Bununla birlikte, sanat üreticilerinin beğeni ve eleştiriye maruz kalıp kendilerini geliştirebilecekleri bir ortam kendiliğinden oluşmuş oldu. Böylece internetin gücünü gelişmek, öğrenmek ve yaratmak için kullanan fanartistler ortaya çıktı.

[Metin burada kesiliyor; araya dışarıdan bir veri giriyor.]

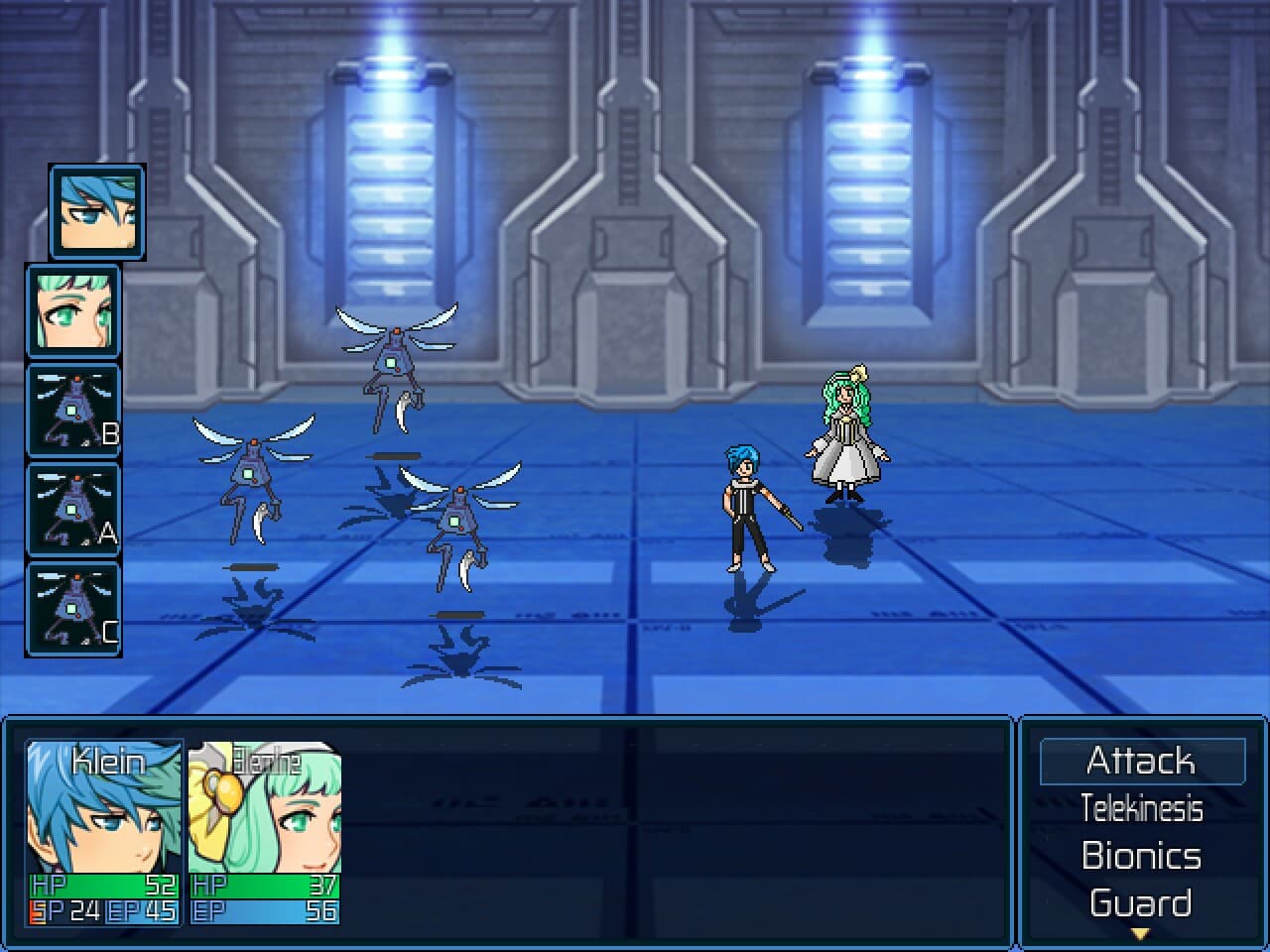 Rave Heart screenshot 3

Özetlemek gerekirse, kapitalist kültür endüstrisi yeni mitoloji diyebileceğimiz fantastik üretimlerin her insan üzerinde etki bırakabilen potansiyelini keşfetti. Kendi araçları ile bu potansiyeli istediği forma dönüştürerek, fantastik ve bilim kurgu kültürünün sınırlarını genişletti. Ötekileştirdiği nerd ve geek kavramlarının kodlarını değiştirerek, kitlelere yeni imajlar ve anlamlar sundu. Nasıl ki mitolojik hikayeler zamanla kültürel ve dini öğelere dönüşüyorsa, fantastik üretimler de kapitalist kültür endüstrisinin açtığı bu yolla, günümüzde kendisine yoğun ilgi gösteren kitleler bulabiliyor. Fanart üretimleri ve fanartistler de buna bağlı olarak, teknolojinin sunduğu imkanla birlikte her geçen gün sayıca artıyor ve daha çok insana ulaşıyor.